Scraped caption text data
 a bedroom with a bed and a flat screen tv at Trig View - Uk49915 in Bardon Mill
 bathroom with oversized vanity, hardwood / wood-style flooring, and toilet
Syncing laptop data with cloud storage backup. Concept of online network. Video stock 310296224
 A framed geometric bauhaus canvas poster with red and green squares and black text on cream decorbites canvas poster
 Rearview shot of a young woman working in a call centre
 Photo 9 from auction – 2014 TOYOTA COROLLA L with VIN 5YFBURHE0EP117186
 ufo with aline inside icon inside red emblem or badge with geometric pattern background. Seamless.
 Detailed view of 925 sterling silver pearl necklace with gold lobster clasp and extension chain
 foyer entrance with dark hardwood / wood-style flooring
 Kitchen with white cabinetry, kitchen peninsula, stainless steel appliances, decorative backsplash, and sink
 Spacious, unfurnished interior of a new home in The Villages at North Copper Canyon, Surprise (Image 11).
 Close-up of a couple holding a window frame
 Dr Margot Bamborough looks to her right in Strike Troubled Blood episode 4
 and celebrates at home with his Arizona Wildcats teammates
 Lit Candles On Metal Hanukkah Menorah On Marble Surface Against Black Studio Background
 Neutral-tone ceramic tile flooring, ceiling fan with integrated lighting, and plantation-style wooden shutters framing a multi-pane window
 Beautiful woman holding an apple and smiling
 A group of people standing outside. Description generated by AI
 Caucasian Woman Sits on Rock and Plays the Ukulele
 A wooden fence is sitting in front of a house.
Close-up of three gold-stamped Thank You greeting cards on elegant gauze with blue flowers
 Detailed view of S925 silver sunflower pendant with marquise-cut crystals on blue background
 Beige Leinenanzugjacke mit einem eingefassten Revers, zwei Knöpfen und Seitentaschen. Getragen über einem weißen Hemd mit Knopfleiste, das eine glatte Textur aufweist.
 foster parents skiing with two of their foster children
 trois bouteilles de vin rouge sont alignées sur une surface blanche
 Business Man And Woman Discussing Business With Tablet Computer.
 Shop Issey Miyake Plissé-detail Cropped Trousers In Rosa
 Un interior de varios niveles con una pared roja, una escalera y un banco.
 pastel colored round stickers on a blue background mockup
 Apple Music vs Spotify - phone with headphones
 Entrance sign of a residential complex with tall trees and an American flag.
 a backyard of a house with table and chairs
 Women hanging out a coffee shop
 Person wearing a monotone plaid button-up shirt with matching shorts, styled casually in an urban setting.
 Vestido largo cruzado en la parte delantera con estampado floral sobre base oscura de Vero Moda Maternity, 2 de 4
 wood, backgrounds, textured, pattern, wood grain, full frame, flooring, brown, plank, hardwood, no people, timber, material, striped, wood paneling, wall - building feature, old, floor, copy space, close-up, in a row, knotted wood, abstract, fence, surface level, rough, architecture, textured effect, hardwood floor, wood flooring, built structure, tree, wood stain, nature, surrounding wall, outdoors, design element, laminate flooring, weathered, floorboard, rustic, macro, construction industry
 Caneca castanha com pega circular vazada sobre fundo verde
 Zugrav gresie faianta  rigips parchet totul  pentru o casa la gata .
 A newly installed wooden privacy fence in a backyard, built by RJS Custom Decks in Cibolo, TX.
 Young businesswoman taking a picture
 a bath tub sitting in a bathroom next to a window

Instructions to follow => Up to and including the line with "A framed geometric", print every line of the records from the start.

Task solution =>
 a bedroom with a bed and a flat screen tv at Trig View - Uk49915 in Bardon Mill
 bathroom with oversized vanity, hardwood / wood-style flooring, and toilet
Syncing laptop data with cloud storage backup. Concept of online network. Video stock 310296224
 A framed geometric bauhaus canvas poster with red and green squares and black text on cream decorbites canvas poster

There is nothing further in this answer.